* Data shown *
>>>>>

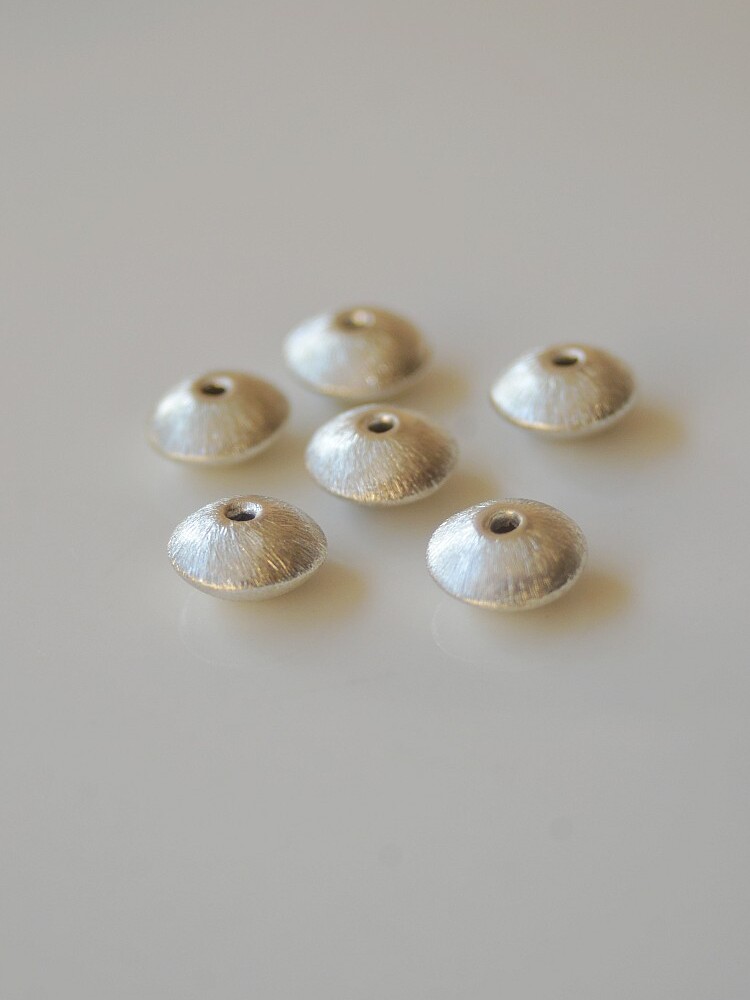 THAI HANDMADE SILVER FLYING SAUCER PEARLESCENT BRUSHED BRACELET SILVER BEADS HANDMADE BEADED SILVER JEWELRY ACCESSORIES LOOSE BEADS WOMEN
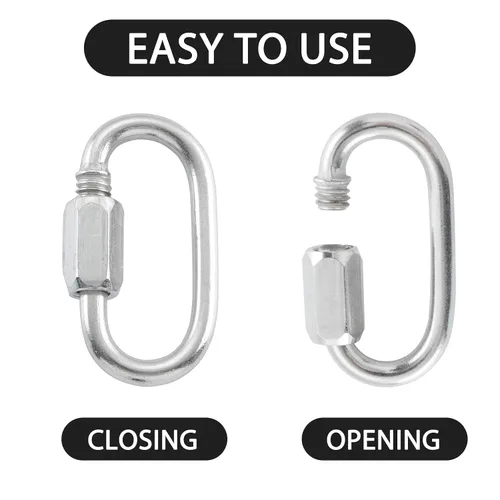Miniatura 5 de HOME MASTER HARDWARE Mosquetón de enlace rápido de acero inoxidable 304 con bloqueo en forma de D, conector seguro resistente para cadenas, correas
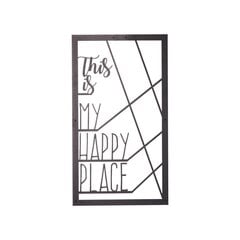 Металлическая декорация на стену Happy Place, 35x55 см цена и информация | Детали интерьера | kaup24.ee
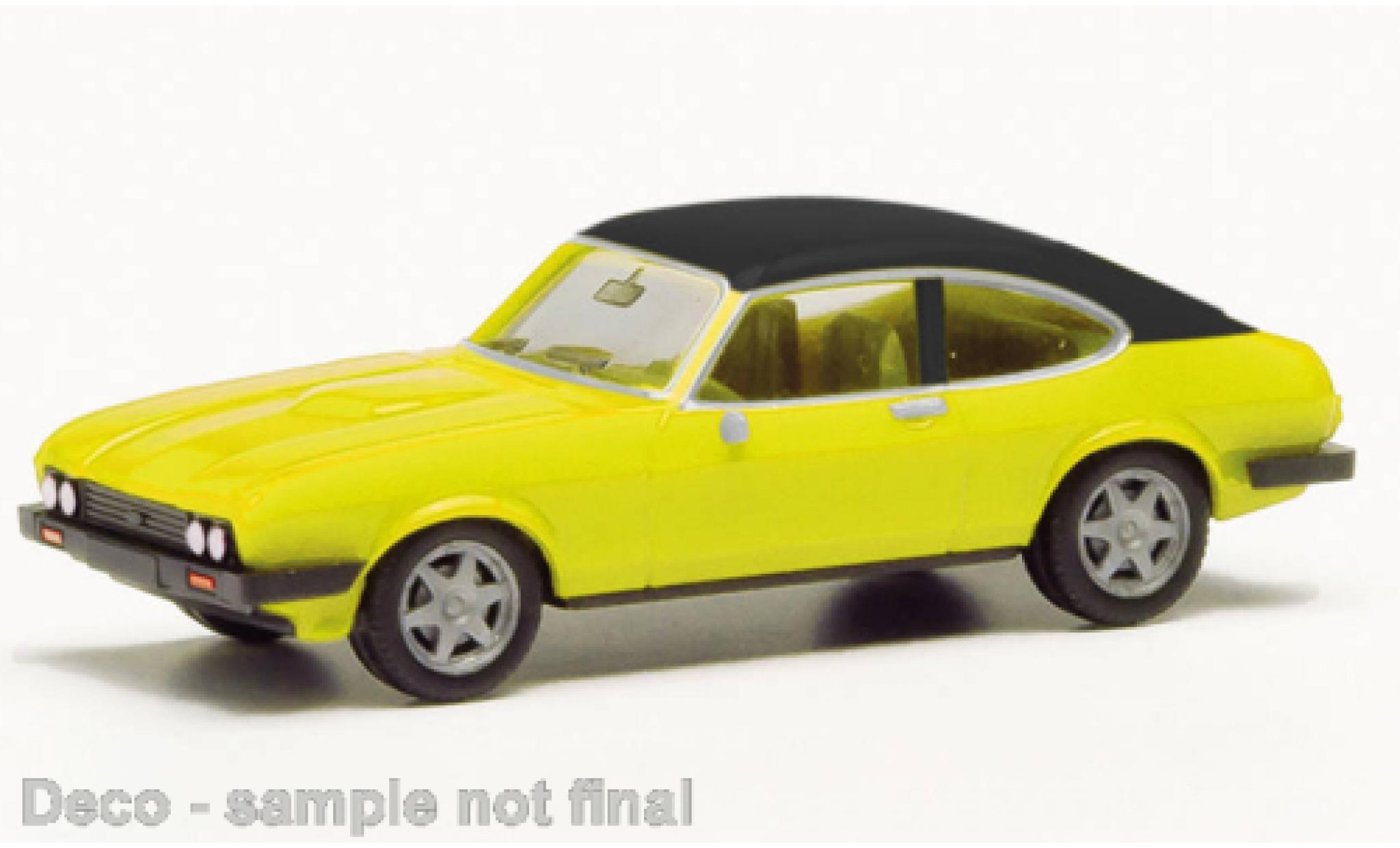 Ford Capri 1/87 Herpa MK III geel/zwart modelauto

<<<<<

* Your assignment *
Leave the pictures out and reproduce exactly the lines from the line with "Металлическая декорация на" to the end of the material above.

* Response area *
 Металлическая декорация на стену Happy Place, 35x55 см цена и информация | Детали интерьера | kaup24.ee
 Ford Capri 1/87 Herpa MK III geel/zwart modelauto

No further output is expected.